Written by Sarah Colenbrander, Laetitia Pettinotti

Image credit:COP27. UNFCCC / Flickr Image license:CC BY-NC-SA 2.0

One of the fiercest points of contention in the closing hours of COP27 was the question of who should provide climate finance. This question has been raised regularly in the climate negotiations over the last decade, but flared up again in deliberations around the new loss and damage fund.

The UN climate convention does not specify which countries should provide climate finance. Currently, ‘developed countries’ are expected to provide and mobilise $100 billion a year (and are failing to do so). However, there is no definition of ‘developed’ under the convention, so observers and negotiators tend to revert back to its 1992 Annex country list: the then members of the OECD and European Commission (Annex II) and all other countries (non Annex II).

But the world has changed radically since 1992. Many countries have seen considerable economic growth, typically accompanied by even greater increases in emissions. Yet only a handful of those richer, more polluting countries have opted to step up as climate finance providers, particularly South Korea and several Eastern European nations.

The climate negotiations in Sharm El Sheikh hit a bottleneck because of a fierce debate about which additional countries – beyond that 1992 list – should begin to pay. But the negotiations were largely based on geopolitical tensions, not empirical data.

This blog fills that gap, enabling a more evidence-based discussion about how to expand the climate finance contributor base. Our analysis is not necessarily intended to encourage new donors to help meet the longstanding $100 billion commitment. Rather, it is intended to support negotiations around the New Collective Quantified Goal, (NCQG), which replaces the $100 billion target from 2025, as well as the loss and damage fund that will be finalised over COP28 and COP29.

Who should be providing and mobilising climate finance?

Our new analysis should be understood in the context of our report, A fair share of climate finance?. In this report, we offered two criteria for an expanded contributor base: ability to pay (as measured by per capita incomes in 2020) and responsibility for climate change (as measured by cumulative territorial emissions since 1990).

Using these metrics, we identified two groups of countries that potentially qualify as providers of climate finance:

  • Israel, Qatar and Singapore (if we use the benchmark that new contributors should have per capita incomes and per capita cumulative territorial emissions higher than at least five Annex II countries)
  • Brunei, Kuwait, South Korea and the UAE (if we use the benchmark that new contributors should have per capita incomes and per capita cumulative territorial emissions higher than at least three Annex II countries)

How much climate finance should they be providing and mobilising?

We attribute each country’s 'fair share' of climate finance based on (1) Gross National Income and (2) cumulative territorial emissions since 1990.

Using these metrics and assuming that Israel, Qatar and Singapore were added to the contributor base, they would collectively be expected to provide 1.8% of the new climate finance goal – whatever the agreed figure – based on their GNI or 1.5% of the new climate finance goal based on their historical emissions.

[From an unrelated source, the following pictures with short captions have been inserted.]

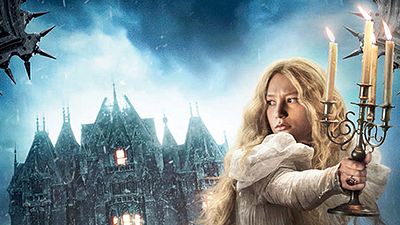 image de la news Nouvelle bande-annonce Crimson Peak: Mia Wasikowska face aux fantômes de Guillermo del Toro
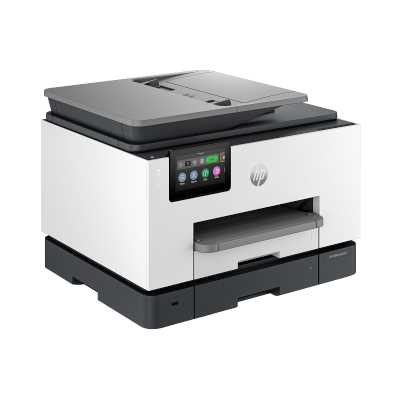 МФУ HP OfficeJet Pro 9130b Белый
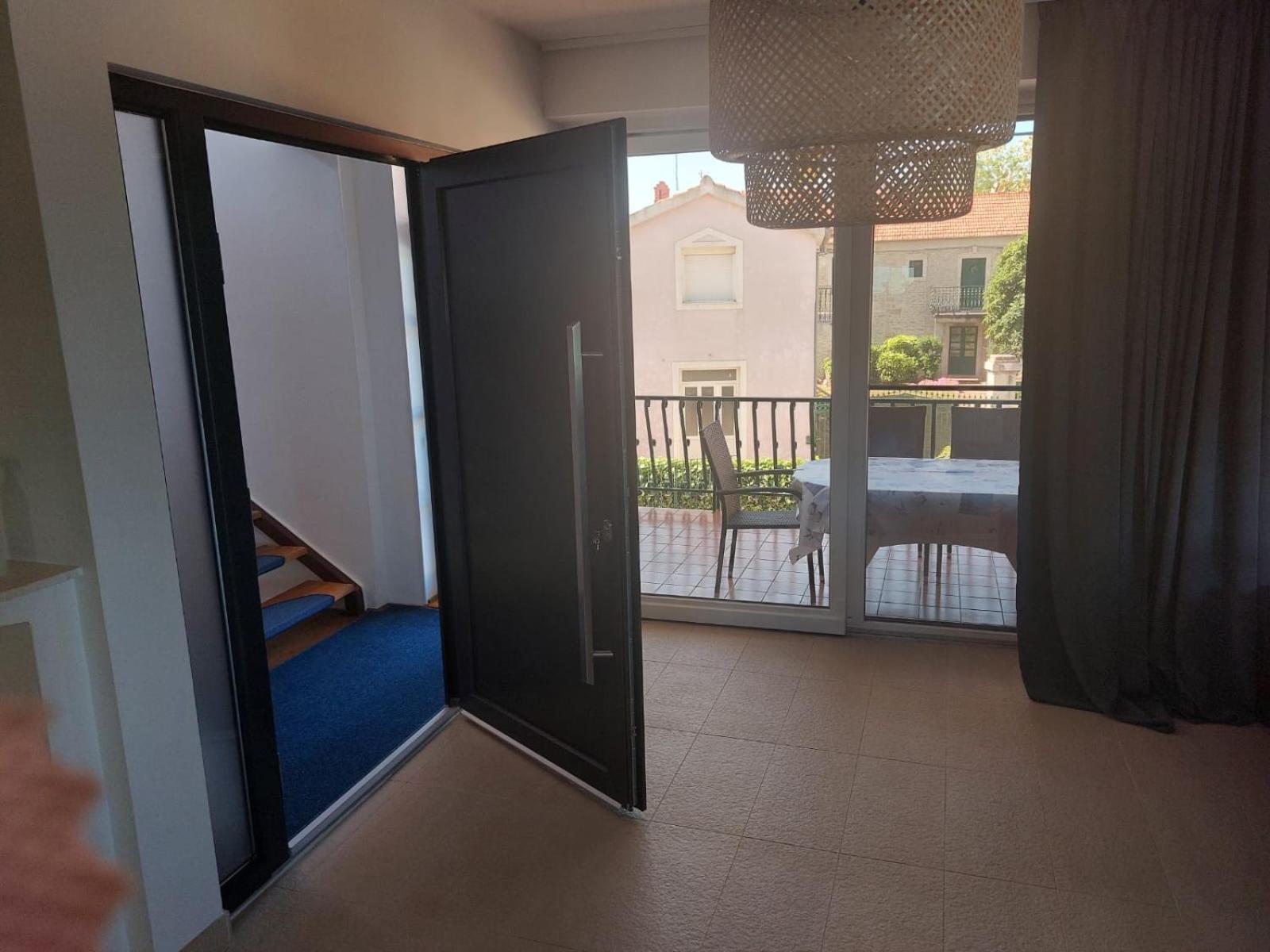 Apartments Piero Задар Екстериор снимка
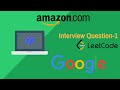LeetCode TwoSum Problem Explained.(Most optimal soltuion and brute force as well)- JAVA.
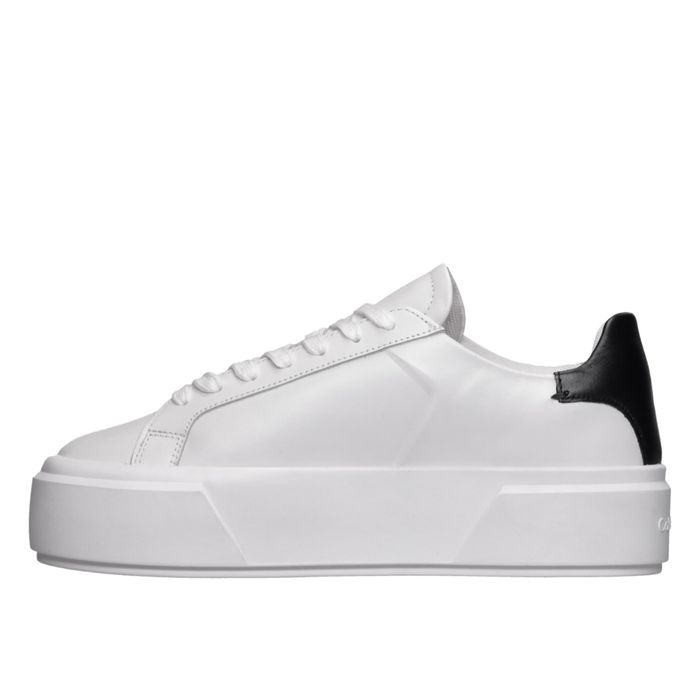 ЕСТЕСТВЕНА КОЖА Calvin Klein кецове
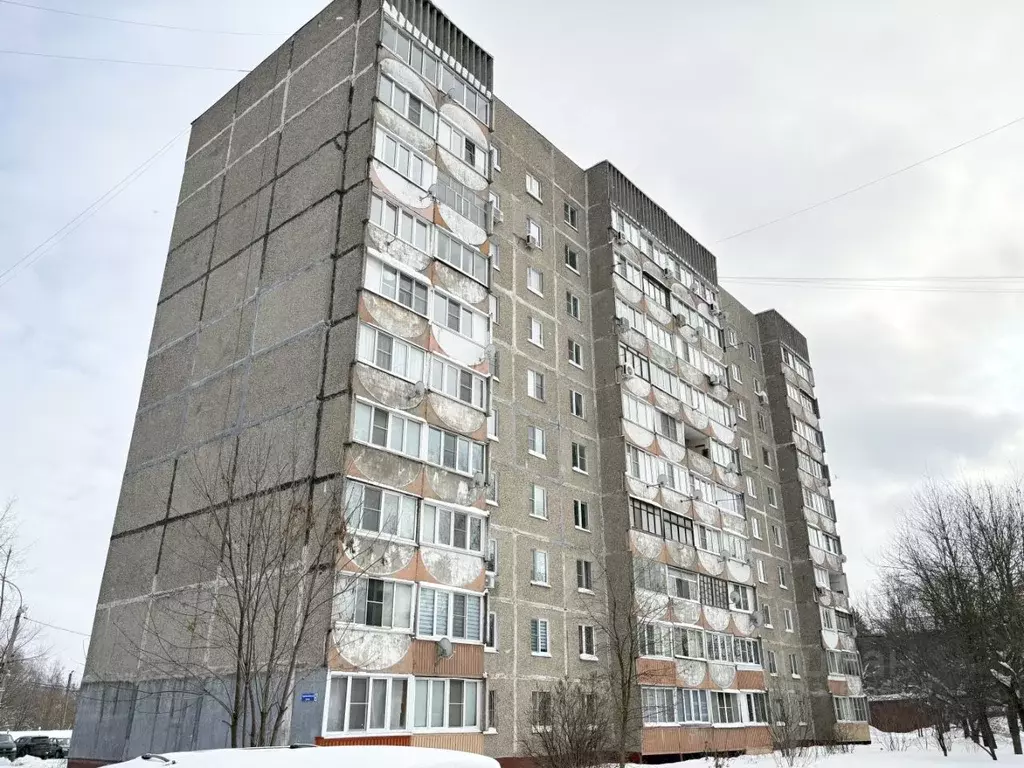 2-к кв. Московская область, Подольск Художественный проезд, 5 (52.7 м) - Фото 1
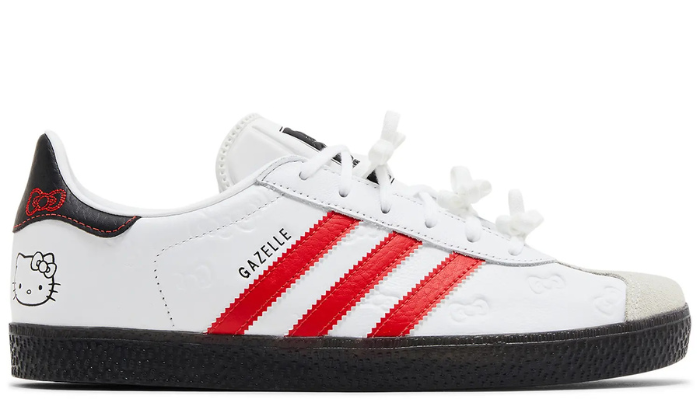 Hello Kitty Gazelle Indoor ’50th anniversary’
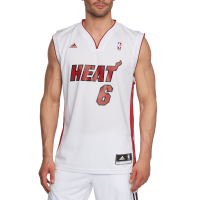 Miami Heat Lebron James NBA Replica Jersey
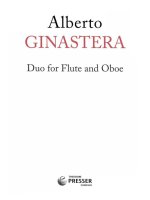DUO FOR FLUTE AND OBOE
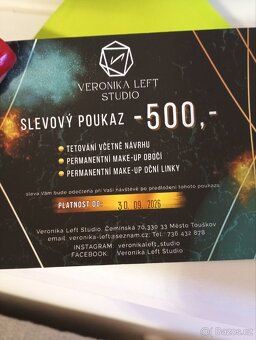 Tetování - město Touškov - 3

If these three countries plus Brunei, Kuwait, South Korea and the UAE were added to the contributor base, they would collectively be expected to provide 6.0% of the climate finance goal based on their GNI or 7.3% of the climate finance goal based on their historical emissions.

In short, expanding the climate finance contributor base according to income and emission levels seems to have the potential to significantly expand the total resource envelope. However, this is overwhelmingly due to the inclusion of South Korea, which would have a 'fair share' (under the expanded definition for new contributors) of 3.3% of the new goal based on its GNI and 4.2% based on its emissions.

But South Korea already chooses to contribute to the $100 billion a year goal. And – as with all other donors – there is no mechanism requiring it to pay its fair share. This real-world example suggests that expanding the contributor base may have a relatively negligible impact on the total quantity of climate finance, although the symbolic value could be significant.

What about China?

Much of the debate around expanding the climate finance contributor base has fixated on China. The Economist, New York Times and Washington Post have all pointed the finger of blame east, often on dubious scientific grounds.

However, China does not qualify as a climate finance provider under our proposed criteria. Both its per capita income and its per capita territorial cumulative emissions since the 1990s fall below any Annex II countries.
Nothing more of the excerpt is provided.